The combination of poll_ready not being a guarantee, and not having a Poll-style NotReady return variant from call pretty much guarantees that Service implementations' error type will have to include a NotReady(Request), no? I think this is going to be very boilerplate-y to handle both in the service impl and in the caller.

carllerche · 2017-09-15T18:03:38Z

@danburkert well, I would say that services that can't guarantee poll_ready can return the request in the error slot if possible, or in some cases the request will be lost. This will be up to the service implementation to do what fits best.

seanmonstar · 2017-09-15T19:33:38Z

examples/channel_service.rs

+
+    fn poll_ready(&mut self) -> Poll<(), Error> {
+        self.tx.lock().unwrap().poll_ready()
+            .map_err(|_| Error::AtCapacity)


The semantics of poll_ready are that Async::NotReady is to mean at-capacity, but the capacity can reduce in the future. So, should this use poll_ready().or(Ok(Async::NotReady)?

seanmonstar · 2017-09-15T19:34:51Z

src/lib.rs

+    /// This is a **best effort** implementation. False positives are permitted.
+    /// It is permitted for the service to return `Ready` from a `poll_ready`
+    /// call and the next invocation of `call` results in an error.
+    fn poll_ready(&mut self) -> Poll<(), Self::Error>;


The Err variant is to mean that the Service is in an unrecoverable state, and will never be ready again?

I don't know if it means that it is in a permanently unrecoverable state... maybe it does...

It could be used to signal shutdown maybe.

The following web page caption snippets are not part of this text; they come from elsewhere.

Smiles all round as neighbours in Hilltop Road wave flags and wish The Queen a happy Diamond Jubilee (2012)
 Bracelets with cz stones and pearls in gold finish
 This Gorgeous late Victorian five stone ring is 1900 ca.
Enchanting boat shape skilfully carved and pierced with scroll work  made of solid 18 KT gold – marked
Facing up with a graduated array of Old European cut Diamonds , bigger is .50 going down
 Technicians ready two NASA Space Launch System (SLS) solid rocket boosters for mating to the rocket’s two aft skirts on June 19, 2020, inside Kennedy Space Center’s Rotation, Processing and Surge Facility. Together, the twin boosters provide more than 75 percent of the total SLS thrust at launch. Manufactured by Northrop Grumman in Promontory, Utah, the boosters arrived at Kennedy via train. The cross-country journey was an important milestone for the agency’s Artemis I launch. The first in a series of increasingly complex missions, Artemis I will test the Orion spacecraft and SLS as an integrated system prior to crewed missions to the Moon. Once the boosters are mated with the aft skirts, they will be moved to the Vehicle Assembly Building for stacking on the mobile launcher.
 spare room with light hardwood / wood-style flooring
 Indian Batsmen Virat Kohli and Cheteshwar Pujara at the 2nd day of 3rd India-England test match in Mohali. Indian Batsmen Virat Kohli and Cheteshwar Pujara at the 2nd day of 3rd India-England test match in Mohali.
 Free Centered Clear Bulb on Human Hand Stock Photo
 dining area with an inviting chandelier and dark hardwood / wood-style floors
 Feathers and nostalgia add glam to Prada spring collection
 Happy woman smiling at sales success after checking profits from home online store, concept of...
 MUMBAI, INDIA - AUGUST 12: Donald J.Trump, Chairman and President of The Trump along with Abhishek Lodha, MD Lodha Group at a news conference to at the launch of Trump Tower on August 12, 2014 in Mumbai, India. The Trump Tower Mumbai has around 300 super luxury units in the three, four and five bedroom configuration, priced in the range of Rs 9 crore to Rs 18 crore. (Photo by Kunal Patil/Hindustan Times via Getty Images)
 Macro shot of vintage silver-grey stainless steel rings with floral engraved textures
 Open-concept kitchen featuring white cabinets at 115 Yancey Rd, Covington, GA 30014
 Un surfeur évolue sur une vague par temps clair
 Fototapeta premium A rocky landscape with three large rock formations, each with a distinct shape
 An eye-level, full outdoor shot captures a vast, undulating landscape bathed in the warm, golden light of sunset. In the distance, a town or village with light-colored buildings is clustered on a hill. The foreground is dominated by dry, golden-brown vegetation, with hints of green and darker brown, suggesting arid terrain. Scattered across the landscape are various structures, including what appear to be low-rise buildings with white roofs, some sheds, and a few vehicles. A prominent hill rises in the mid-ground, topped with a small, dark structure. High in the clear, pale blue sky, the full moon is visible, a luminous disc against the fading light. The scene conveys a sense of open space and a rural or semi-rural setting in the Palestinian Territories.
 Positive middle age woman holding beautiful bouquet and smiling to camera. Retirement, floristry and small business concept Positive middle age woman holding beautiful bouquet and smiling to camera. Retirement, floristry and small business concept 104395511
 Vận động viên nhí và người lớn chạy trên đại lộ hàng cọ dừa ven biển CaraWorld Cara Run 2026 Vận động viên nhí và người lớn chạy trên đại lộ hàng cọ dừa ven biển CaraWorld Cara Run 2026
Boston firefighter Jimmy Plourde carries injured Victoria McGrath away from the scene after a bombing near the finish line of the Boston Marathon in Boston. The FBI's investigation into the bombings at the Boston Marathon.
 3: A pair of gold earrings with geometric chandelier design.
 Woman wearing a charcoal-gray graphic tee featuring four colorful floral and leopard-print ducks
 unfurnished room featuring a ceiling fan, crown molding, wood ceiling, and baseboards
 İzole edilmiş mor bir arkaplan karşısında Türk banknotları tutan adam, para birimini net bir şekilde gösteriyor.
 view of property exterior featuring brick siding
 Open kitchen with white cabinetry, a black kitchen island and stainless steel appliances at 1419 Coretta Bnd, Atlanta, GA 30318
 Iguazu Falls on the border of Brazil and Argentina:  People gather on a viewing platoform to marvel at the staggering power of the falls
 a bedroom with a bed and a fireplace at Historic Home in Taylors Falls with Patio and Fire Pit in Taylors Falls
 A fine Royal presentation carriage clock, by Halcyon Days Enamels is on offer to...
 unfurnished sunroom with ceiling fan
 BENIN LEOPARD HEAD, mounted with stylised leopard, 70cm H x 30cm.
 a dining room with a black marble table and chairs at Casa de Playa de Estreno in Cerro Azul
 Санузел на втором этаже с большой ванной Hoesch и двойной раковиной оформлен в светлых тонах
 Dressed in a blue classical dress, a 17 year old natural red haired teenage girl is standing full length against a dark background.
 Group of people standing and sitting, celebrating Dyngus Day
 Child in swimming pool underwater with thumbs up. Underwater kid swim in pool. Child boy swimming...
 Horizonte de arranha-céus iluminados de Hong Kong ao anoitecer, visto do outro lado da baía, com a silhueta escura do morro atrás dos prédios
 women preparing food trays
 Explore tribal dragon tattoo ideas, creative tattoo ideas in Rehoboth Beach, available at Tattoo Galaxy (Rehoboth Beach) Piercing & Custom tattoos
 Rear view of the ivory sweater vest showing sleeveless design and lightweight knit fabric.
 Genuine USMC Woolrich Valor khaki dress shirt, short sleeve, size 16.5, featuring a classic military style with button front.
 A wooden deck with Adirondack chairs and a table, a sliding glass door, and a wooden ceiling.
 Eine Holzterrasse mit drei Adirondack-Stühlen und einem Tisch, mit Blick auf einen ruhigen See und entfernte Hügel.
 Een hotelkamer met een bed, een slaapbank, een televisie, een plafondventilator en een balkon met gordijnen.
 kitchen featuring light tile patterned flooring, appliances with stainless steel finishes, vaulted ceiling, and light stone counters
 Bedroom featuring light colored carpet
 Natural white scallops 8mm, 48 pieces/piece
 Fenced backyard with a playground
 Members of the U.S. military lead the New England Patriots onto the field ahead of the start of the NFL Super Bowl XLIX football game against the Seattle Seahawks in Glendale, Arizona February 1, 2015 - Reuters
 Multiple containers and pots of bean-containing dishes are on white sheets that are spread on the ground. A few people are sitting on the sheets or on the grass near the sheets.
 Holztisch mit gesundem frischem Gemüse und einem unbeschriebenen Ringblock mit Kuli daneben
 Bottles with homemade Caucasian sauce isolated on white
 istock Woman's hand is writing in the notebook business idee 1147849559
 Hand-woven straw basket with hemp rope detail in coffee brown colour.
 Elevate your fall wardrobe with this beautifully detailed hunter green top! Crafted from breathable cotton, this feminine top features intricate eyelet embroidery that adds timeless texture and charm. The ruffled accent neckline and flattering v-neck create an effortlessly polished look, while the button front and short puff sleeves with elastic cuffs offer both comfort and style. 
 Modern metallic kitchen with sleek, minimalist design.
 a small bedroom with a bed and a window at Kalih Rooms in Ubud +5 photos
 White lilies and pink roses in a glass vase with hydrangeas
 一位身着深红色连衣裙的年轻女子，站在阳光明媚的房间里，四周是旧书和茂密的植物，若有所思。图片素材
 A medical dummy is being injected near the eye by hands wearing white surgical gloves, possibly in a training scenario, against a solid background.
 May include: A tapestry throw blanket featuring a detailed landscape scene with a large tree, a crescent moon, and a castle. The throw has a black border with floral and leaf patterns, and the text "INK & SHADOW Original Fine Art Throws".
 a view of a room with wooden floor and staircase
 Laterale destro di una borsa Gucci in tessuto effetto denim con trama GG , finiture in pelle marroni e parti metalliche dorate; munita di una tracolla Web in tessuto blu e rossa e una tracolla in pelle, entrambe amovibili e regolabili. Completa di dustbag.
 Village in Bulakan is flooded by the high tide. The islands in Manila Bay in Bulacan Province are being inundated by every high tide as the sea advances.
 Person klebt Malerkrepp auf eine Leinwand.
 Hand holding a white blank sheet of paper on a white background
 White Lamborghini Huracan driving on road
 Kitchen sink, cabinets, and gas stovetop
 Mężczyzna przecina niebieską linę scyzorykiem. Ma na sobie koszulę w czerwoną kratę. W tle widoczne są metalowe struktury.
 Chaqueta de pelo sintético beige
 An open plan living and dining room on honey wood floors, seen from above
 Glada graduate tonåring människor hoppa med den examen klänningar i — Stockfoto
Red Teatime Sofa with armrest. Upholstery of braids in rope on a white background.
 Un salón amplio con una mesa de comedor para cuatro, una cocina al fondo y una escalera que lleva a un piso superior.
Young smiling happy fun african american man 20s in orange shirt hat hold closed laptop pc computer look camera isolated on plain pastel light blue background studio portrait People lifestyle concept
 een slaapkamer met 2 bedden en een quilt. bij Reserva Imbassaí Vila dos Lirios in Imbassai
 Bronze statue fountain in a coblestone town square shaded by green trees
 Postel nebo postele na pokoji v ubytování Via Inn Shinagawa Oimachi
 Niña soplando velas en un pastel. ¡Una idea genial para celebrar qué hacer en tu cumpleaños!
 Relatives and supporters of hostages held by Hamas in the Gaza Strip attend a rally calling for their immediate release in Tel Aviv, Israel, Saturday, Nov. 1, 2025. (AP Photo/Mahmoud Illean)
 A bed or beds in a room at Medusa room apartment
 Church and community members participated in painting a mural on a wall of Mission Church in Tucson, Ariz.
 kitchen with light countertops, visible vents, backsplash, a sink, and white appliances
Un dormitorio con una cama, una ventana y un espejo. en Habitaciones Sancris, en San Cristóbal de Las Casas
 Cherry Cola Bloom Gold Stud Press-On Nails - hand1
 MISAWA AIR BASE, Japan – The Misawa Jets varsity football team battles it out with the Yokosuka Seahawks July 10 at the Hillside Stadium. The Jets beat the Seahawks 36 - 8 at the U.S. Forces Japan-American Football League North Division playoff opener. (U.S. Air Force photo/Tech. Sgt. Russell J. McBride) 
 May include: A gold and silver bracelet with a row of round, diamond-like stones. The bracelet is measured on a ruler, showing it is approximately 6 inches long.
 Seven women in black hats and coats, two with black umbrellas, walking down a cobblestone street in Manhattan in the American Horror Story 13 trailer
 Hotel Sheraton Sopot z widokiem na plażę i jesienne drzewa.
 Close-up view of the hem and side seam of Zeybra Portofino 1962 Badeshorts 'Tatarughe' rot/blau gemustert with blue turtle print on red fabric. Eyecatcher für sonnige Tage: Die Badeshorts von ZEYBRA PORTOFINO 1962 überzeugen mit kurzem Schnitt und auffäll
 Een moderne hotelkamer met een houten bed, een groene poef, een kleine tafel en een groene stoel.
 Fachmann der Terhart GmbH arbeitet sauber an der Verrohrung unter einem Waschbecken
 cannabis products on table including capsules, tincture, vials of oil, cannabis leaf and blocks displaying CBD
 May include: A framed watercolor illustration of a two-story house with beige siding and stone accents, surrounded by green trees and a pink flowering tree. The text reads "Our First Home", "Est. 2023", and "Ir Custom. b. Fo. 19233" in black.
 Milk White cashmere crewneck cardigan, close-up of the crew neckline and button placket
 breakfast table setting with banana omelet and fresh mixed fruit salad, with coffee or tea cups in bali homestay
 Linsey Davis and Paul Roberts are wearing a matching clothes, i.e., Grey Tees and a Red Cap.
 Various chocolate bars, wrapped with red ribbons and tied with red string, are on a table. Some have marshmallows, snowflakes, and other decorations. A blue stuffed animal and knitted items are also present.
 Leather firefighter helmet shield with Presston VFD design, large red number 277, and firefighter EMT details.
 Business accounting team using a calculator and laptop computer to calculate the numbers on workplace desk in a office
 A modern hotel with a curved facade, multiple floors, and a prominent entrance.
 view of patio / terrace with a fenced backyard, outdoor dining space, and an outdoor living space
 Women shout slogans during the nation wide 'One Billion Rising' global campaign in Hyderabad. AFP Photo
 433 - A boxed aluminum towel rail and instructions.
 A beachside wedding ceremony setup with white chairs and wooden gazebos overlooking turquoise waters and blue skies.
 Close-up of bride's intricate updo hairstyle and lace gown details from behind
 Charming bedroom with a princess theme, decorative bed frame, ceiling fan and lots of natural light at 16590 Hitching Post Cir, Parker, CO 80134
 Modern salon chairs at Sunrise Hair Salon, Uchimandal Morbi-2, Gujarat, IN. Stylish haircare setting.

I'd say it is a TBD.

I added a list of unresolved questions to the PR.

danburkert · 2017-09-15T19:55:13Z

examples/channel_service.rs

+#[derive(Debug)]
+pub struct ChannelService {
+    // Send the request and a oneshot Sender to push the response into.
+    tx: Mutex<Sender>,


This seems like a big issue. I just looked into why call takes &self and not &mut self and found tokio-rs/tokio-service#9 (comment). That issue points out that taking &mut self means chained calls require wrapping the second service in Arc<Mutex<S>>, but this example has to use a Mutex, and it's not even chaining. Perhaps we should re-open the &/&mut discussion, given this example? In general it seems strange to me that Service takes &self when everything else in the futures stack takes &mut self (Future::poll, Sink::start_send).

Can you elaborate on what you see as a big issue?

Mutex here isn't strictly necessary, but it does make it Sync. You could use RefCell and it would be !Sync and honestly try_send is safe to call w/o any coordination on a single thread but the signature takes &mut self right now.

Seems to me that it's going to be overwhelmingly common to use Mutex or RefCell internally in Service impls because call takes &self (will Service impls really be stateless? Not the interesting ones). I think it may be better to have call take &mut self, and force the caller to do external synchronization, if necessary. In this case, the caller could wrap the ChannelService in a Mutex/RefCell, or just clone it as necessary.

The main argument against &mut self, as I understand it in the linked comment, is that it makes it more difficult to create services which internally chain calls to other services. But as this example shows, &self is making it difficult in an even simpler case.

I think you have a valid point. The use case of chaining multiple calls together is going to be more complicated w/ back pressure handling anyway...

I think it is worth reconsidering &self / &mut self. The answer isn't obviously clear to me right now.

The main argument against &mut self, as I understand it in the linked comment, is that it makes it more difficult to create services which internally chain calls to other services.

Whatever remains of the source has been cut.